**Exercise data**.

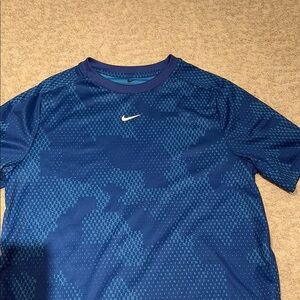 Nike Blue Short Sleeve Performance Tee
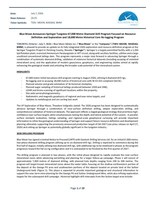 Blue Moon Announces Springer Tungsten 67,000 Metre Diamond Drill Program Focused on Resource Definition and Exploration and 18,000 Metre Historical Core Re-logging Program (CNW Group/Blue Moon Metals)
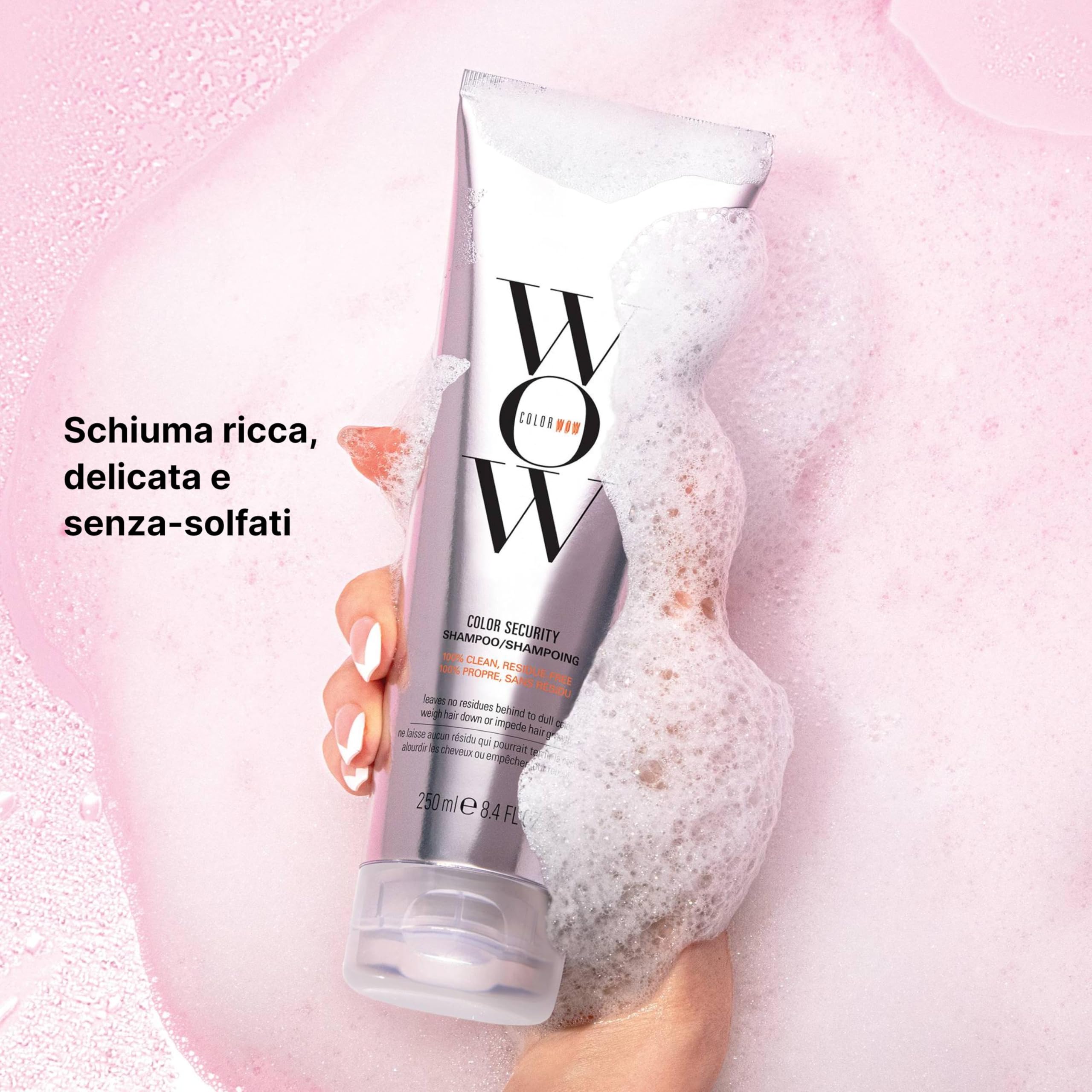 Color Wow, Dream Smooth Discovery Set, Cofanetto con Shampoo, Conditioner e Spray, Trattamenti Capillari, Deterge e Nutre i Capelli Secchi e Ribelli, 75ml + 75ml + 50ml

**Work order**.
Please copy the lines above, starting at the one that holds "Blue Moon Announces" and stopping after the last line, exactly as they appear and minus the pictures.

**Exercise solution**.
 Blue Moon Announces Springer Tungsten 67,000 Metre Diamond Drill Program Focused on Resource Definition and Exploration and 18,000 Metre Historical Core Re-logging Program (CNW Group/Blue Moon Metals)
 Color Wow, Dream Smooth Discovery Set, Cofanetto con Shampoo, Conditioner e Spray, Trattamenti Capillari, Deterge e Nutre i Capelli Secchi e Ribelli, 75ml + 75ml + 50ml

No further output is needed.